The Germans concentrated on short-term victories against the partisans[5] and were able, in some cases, to defeat the partisans militarily, but overall their atrocities against civilians in the East resulted in a continuous flow of volunteers joining the partisan ranks.[5][6] The first resistance movements were created as early as late 1939 in occupied Poland (see the Separated Unit of the Polish Army).[7][8] As the war progressed and the number of Nazi-occupied territories grew, so did the number and strength of resistance movements.
Throughout the war, regular formations of German army,[9] auxiliary police formations (Ordnungspolizei)[10] and their helpers (Schutzmannschaft[11] or Hilfspolizei) participated in anti-partisan operations. The struggle of Germans versus the partisans can be described as a stalemate, eventually ended by the German military defeat in the regular war.[5] After the war, brutal German tactics used against the partisans were one of the charges presented at the Nuremberg Trials (see legality of the Commando Order and Hostages Trial).
Operations by country and territory
[edit]German-occupied Poland
[edit]The Polish resistance movement was formed soon after the German invasion of Poland in September 1939 and quickly grew in response to the brutal methods of the German occupation. Polish resistance had operatives in the urban areas, as well as in the forests (leśni).

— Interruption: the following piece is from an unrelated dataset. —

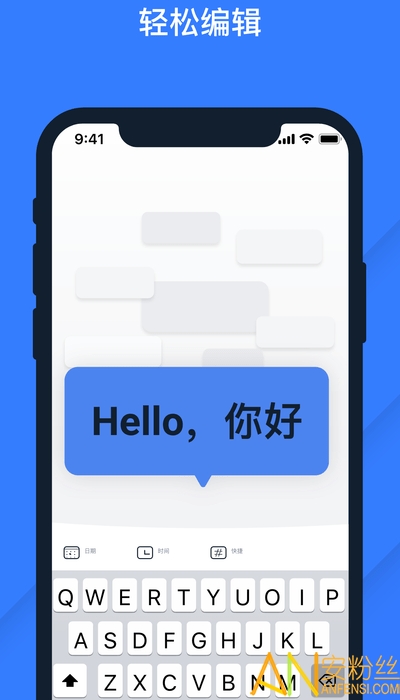 ��۱���������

Throughout the war, the Polish resistance grew in numbers, and increased the scale of its operations, requiring the Germans to devote an increasing amount of resources (personnel, equipment and time) to deal with the partisan threat.[citation needed]
Polish partisans were particularly active in the Zamość region (see the Zamość Uprising). Sturmwind I and Sturmwind II ("Hurricane") in June 1944 were the largest German operations against the Polish leśni partisans, based on the "cauldron operations" Germans developed to deal with the Soviet partisans (see also battle of Osuchy).[12] German losses in those operations amounted to about 1,300 fatalities and similar number of wounded; partisan losses were similar.[13] Soon afterward, the Polish resistance launched a series of major operations against the Germans (Operation Tempest), of which the Warsaw Uprising was the best known. In Operation Tempest, Polish partisans challenged the Germans in a series of open battles for the control of vital strategic areas. The Germans were not prepared for the vast scale of the Polish operation, but had the advantage of numbers and better equipment; further, when the Polish partisans had to operate without the support of the advancing Red Army, they were significantly less effective. In areas where the Soviets cooperated with the Poles, the Germans were much less able to suppress the partisans, but where the Soviets did not advance to aid the Poles, as was the case with the Warsaw Uprising, the Germans were able to concentrate enough regular army and anti-partisan units to defeat the Polish insurgents.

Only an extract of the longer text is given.